"People lie. How are you going to account for that?"
This question used to make me crazy. I always wanted to blurt out, "And the sun is going to consume the earth someday – deal with it!"
I never said this, of course.
Anyway, I have a more thoughtful response these days.
Try this on for size. Yep. People are going to falsify information. In fact, you may have experienced this in your life. Let’s say you had a friend – or so you thought. Over time you discovered that this person was in fact dishonest. How did you discover this? The answer is simple: you collected more observations over time.
Observations add up.
I have seen this play out in real data. For example, there was this very big database (billions of table rows describing hundreds of millions of unique people). In this particular database there was this one fellow who was repeatedly lying about his identity. He did a good job, in fact such a good job that despite Semantic Reconciliation processing he appeared to be six different people.

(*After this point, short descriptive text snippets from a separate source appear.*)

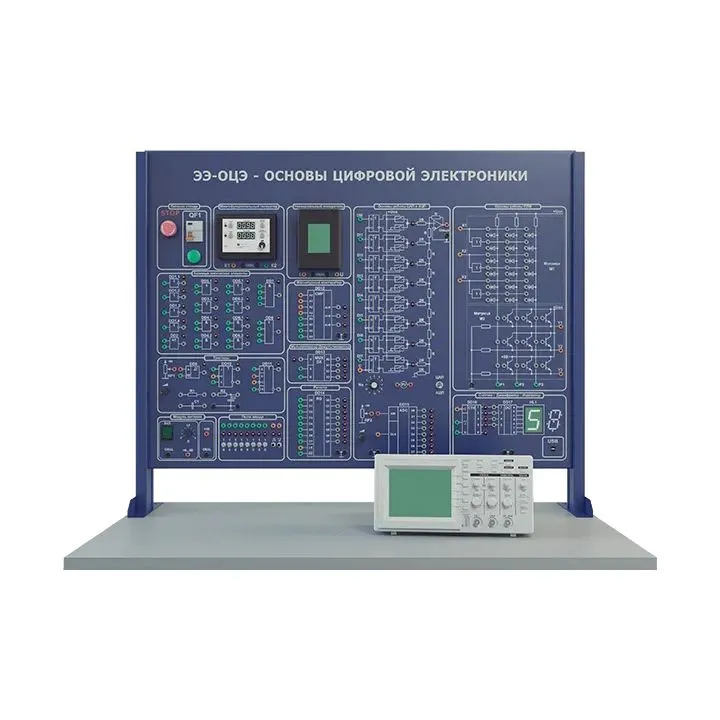 Лабораторная установка по изучению основ цифровой электроники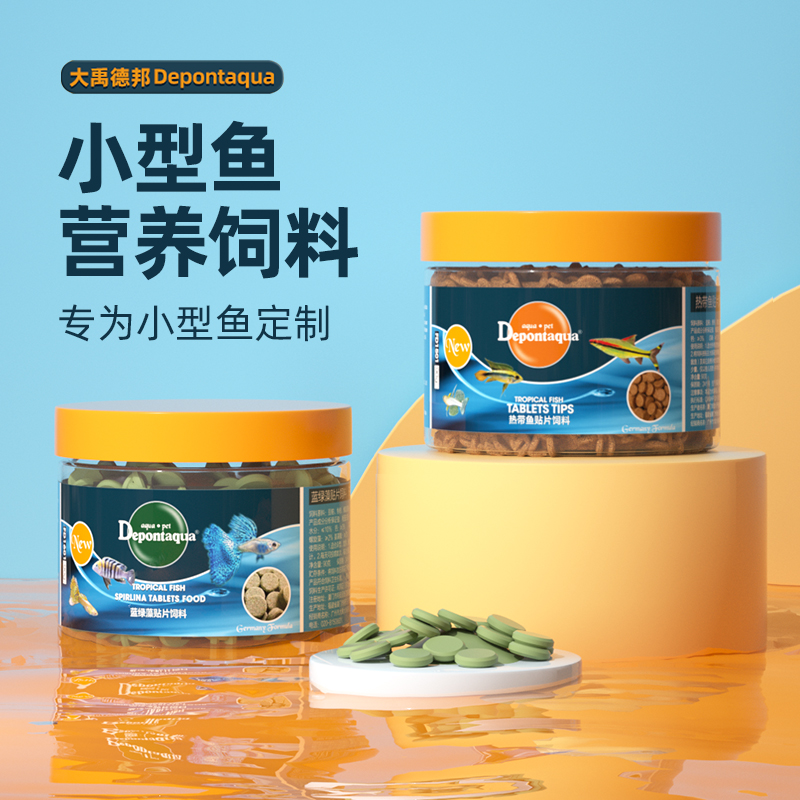 小型鱼专用不混水鱼缸贴片鱼饲料适合观赏鱼喂养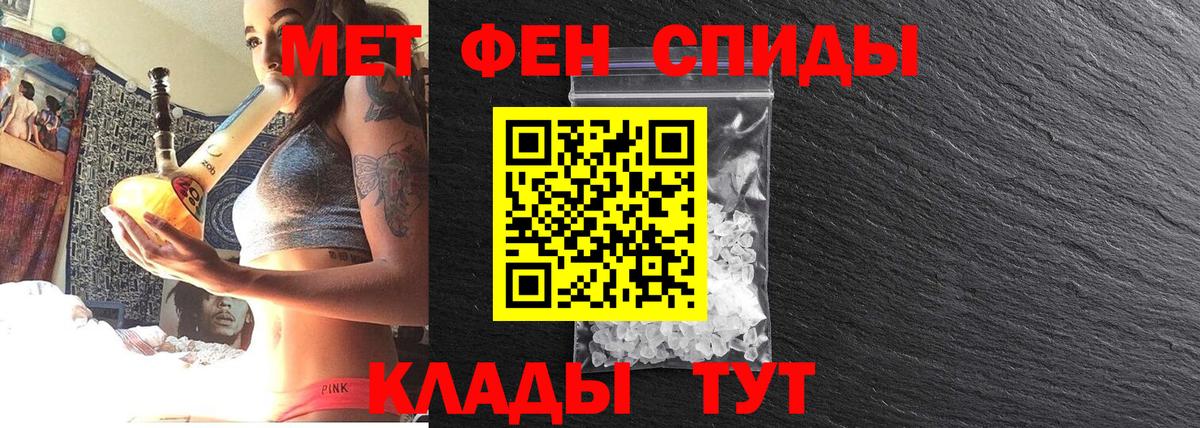 Первитин мет Кинель
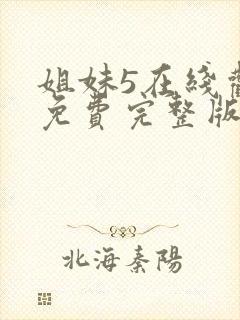 姐妹5在线观看免费完整版韩剧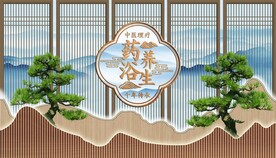 药浴养生背景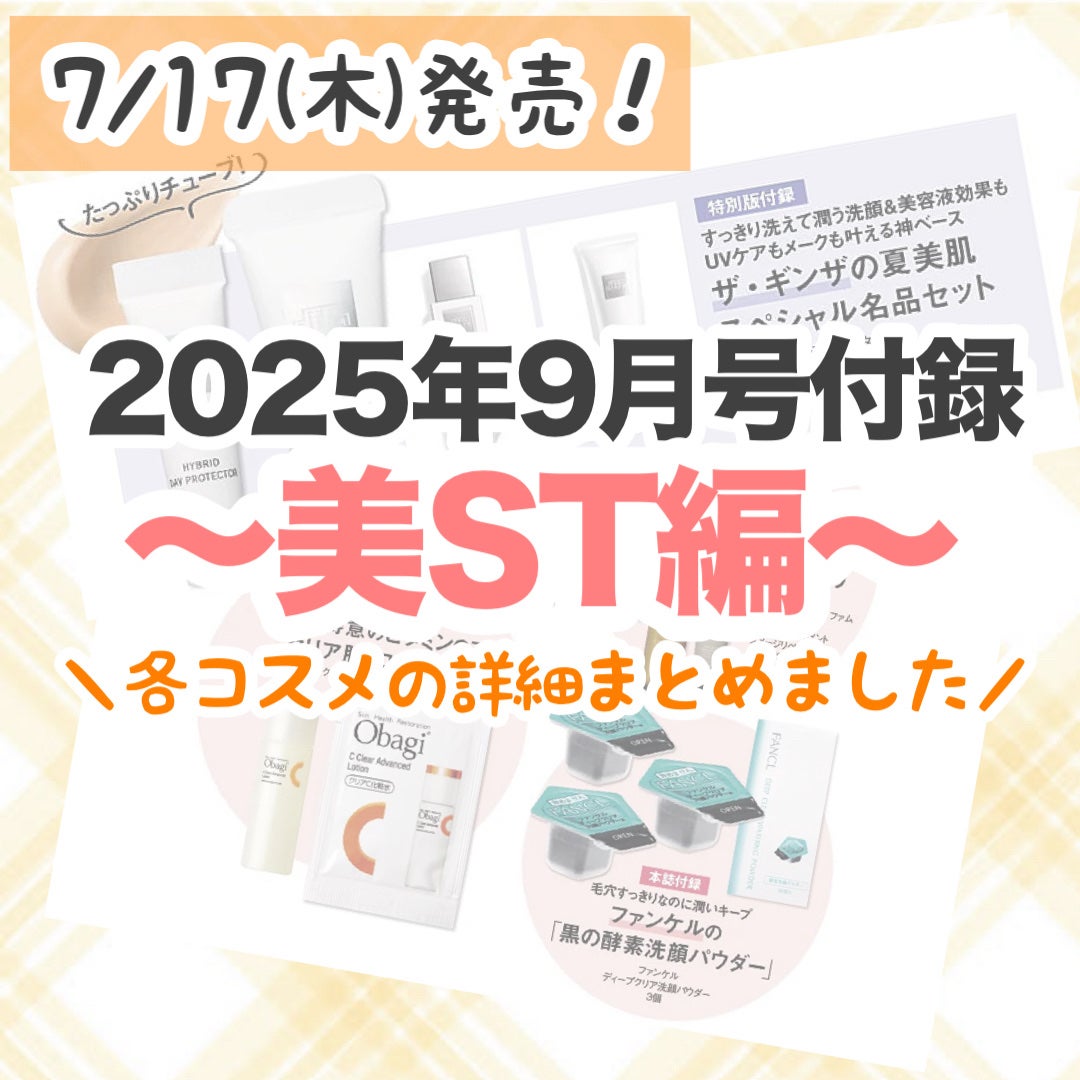 ディープクリア洗顔パウダー/ファンケル/洗顔パウダーを使ったクチコミ(1枚目)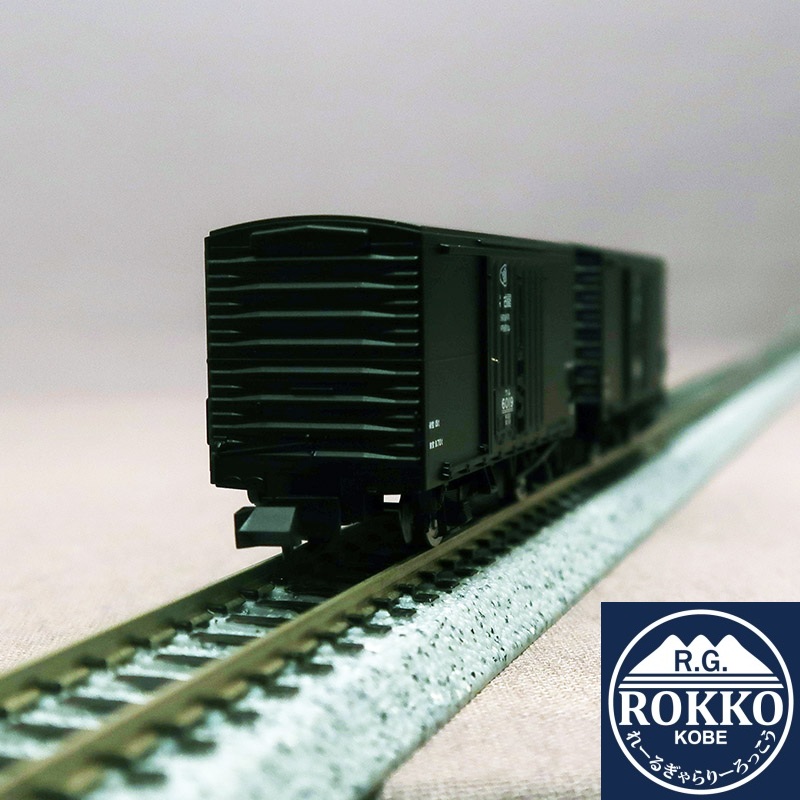 (8769) Nagoya Railroad Wamu6000 (black) 2 cars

The guy was a liar and no one knew ... that is until future observations (created by his own actions) flushed him out.
[Skip this next paragraph, if you are speed reading or want to stay out of the weeds.]

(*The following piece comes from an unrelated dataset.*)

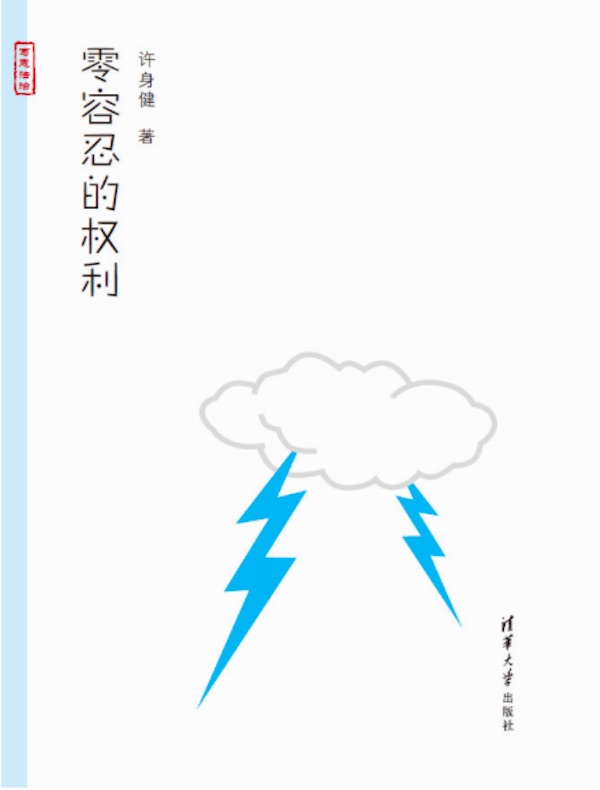 零容忍的权利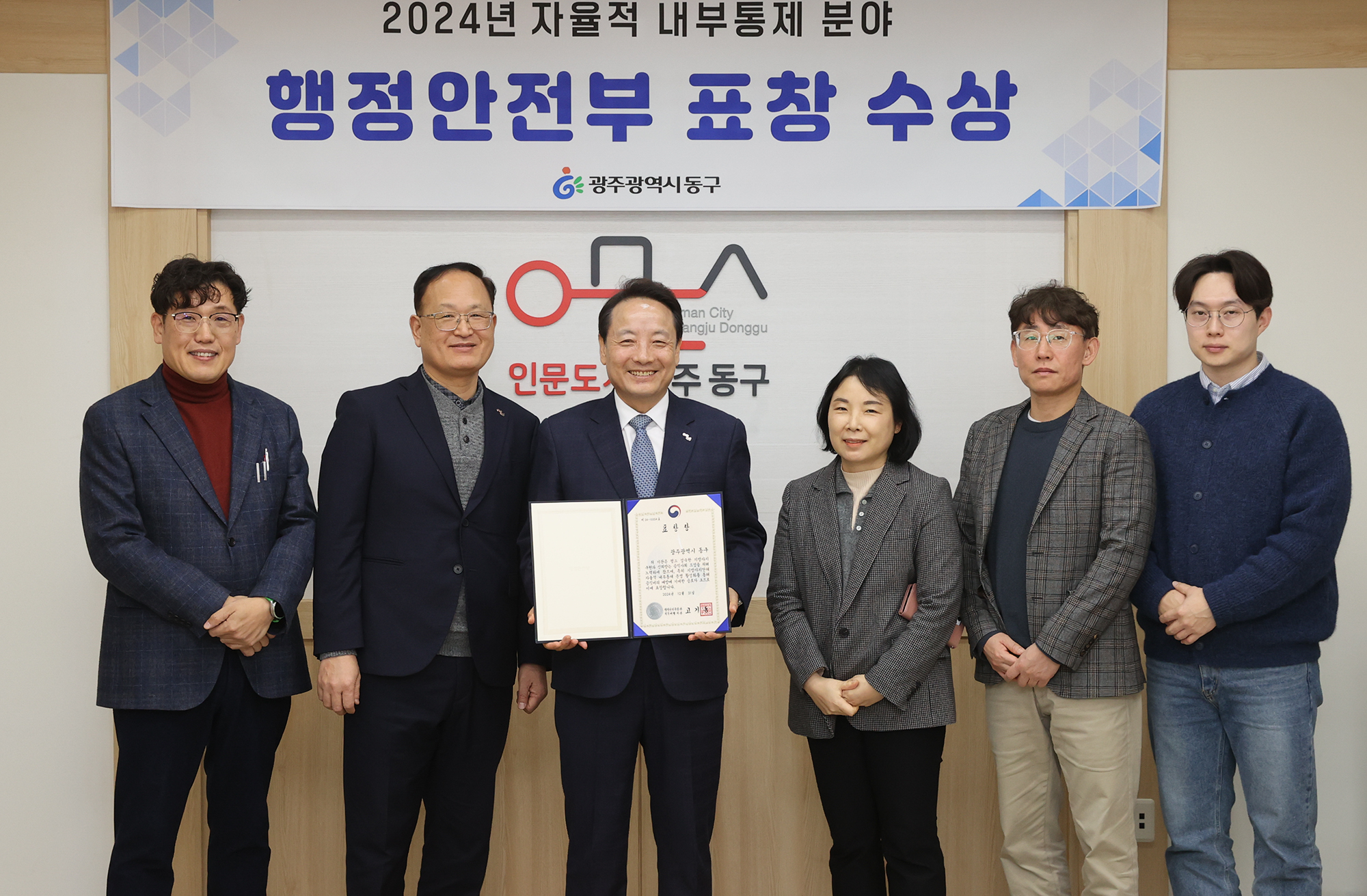 행안부 ‘자율적 내부통제 운영평가 우수기관’ 선정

Here is how this happened. Imagine six apparently discrete identities. Some name similarity, but that never matters at this scale. Then one day this fellow decides to use one of these identities (using previously reported features e.g., same name, phone, SSN, date of birth, etc.), except this time he introduces a new address, one that had never been previously associated with this identity. So this new record is identity resolved to the existing identity – the identity he wanted to present). This caused context accumulation – in this case the new address enhanced what was known about the person he was being today. Sequence Neutrality processing then fires-up to make sure earlier identity resolution events are still valid. During this process another identity was located that shared the new address (the one just learned) and other matching features (e.g., similar names and more). The identity he was trying to be had now become conjoined to one of his other identities – one he was trying to distance himself from. [Technical note: I am specifically using the term conjoined as opposed to merged. Think of conjoined like being rubber-banded together versus merged where two records become one. This is essential for many reasons e.g., retaining the ability to change one’s mind later. More about this in a future post.]
When two identities collapse into one identity – this new conjoined identity now has more context. As something new had just been learned, sequence neutral processing immediately determines if there are any further assertions of the past to fix (e.g., more identities that can be conjoined, or in some cases, disjoined).
Long and short, his six discrete identities collapsed into one … thanks to the arrival of two new records.
Knowing this, one thinks about what data sources are better than others. Some data sources are so good … they work like "glue guns."
From a national security and privacy point of view, it is the above behavior that makes it so important to debate what perceptions (observations) are fair game for context construction, and when.